Task item: Transcribe word for word the section of the records below that opens with the line containing "Chaises de salle" and closes with the line containing "White - Authentic"; drop every picture.

Dataset excerpts:
*****
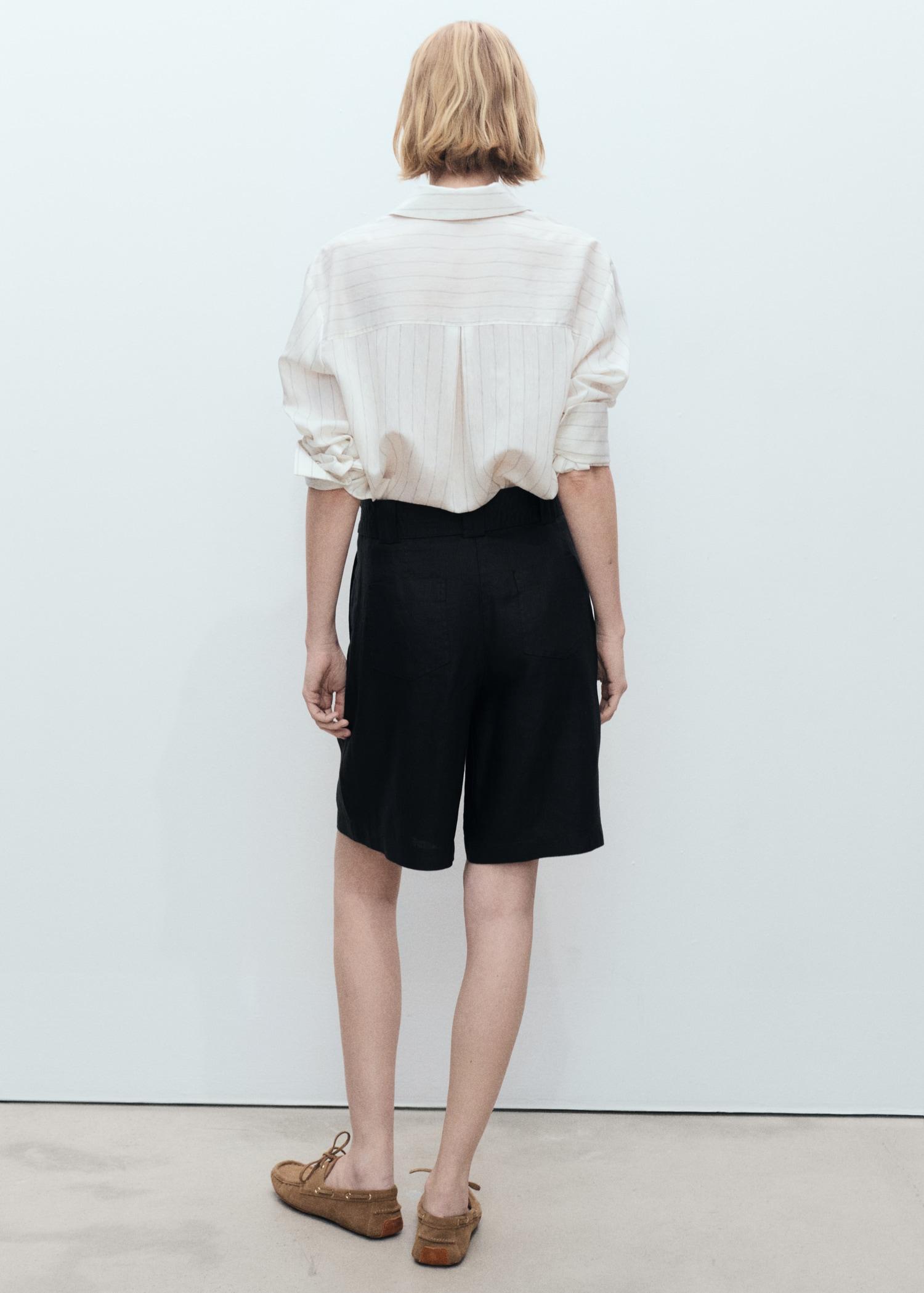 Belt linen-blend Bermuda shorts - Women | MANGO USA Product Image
*****
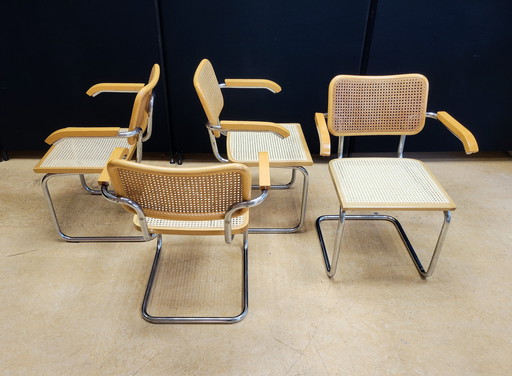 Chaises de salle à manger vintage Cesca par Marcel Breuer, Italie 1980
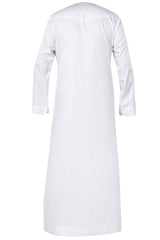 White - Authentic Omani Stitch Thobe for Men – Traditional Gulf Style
*****
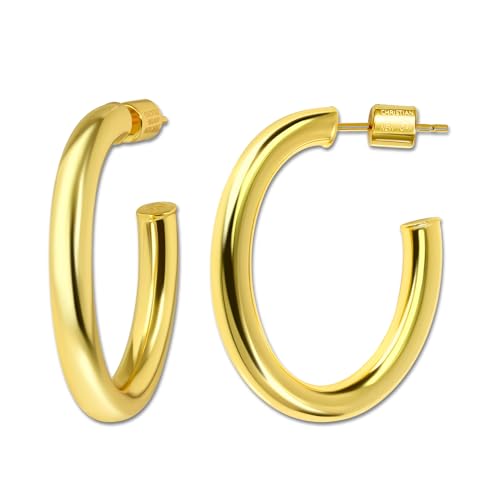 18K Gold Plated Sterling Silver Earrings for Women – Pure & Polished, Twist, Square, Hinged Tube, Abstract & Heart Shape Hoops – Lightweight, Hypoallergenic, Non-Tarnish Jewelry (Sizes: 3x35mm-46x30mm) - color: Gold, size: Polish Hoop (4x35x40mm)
*****
Written answer:
 Chaises de salle à manger vintage Cesca par Marcel Breuer, Italie 1980
 White - Authentic Omani Stitch Thobe for Men – Traditional Gulf Style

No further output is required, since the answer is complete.